The fourth is geopolitics and sovereign capital. With MGX as a founding backer, Stargate illustrates how Gulf states are converting resource and reserve wealth into ownership of frontier technology infrastructure — a theme that recurs across the strategies of the region's largest funds and that long-horizon allocators are watching closely.
What are the risks around Stargate?
The scale that makes Stargate important also makes it risky, and a sober investor should hold the ambition and the uncertainty together. The economics depend on sustained, monetisable demand for AI compute at prices that justify hundreds of billions of dollars of fixed investment.

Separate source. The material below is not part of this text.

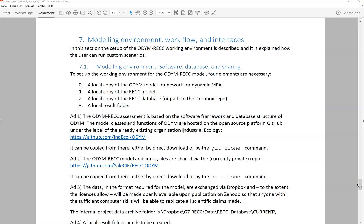Hello, this is a quick tutorial of how to use the Odum REC modeling software for dynamic material cycles.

If AI revenue grows more slowly than the build implies, or if more efficient models reduce the compute required per unit of output, some of this capacity could be built ahead of the demand to fill it.
Execution risk is equally real. Securing power at this scale, on this timeline, is genuinely hard; grid interconnection queues, equipment lead times and local opposition can all slow delivery. And the financing model — leaning heavily on debt against assets whose long-run utilisation is not yet proven — concentrates the consequences of a demand shortfall.
For asset owners, the appropriate posture is neither dismissal nor uncritical enthusiasm. Stargate is a real, fast-moving programme that is already changing the demand picture for compute, power and infrastructure. It is also a leveraged bet on a technology whose ultimate economics remain unsettled. Understanding both halves of that statement — and knowing where one's own portfolio sits on each side of it — is the work that long-term ownership requires.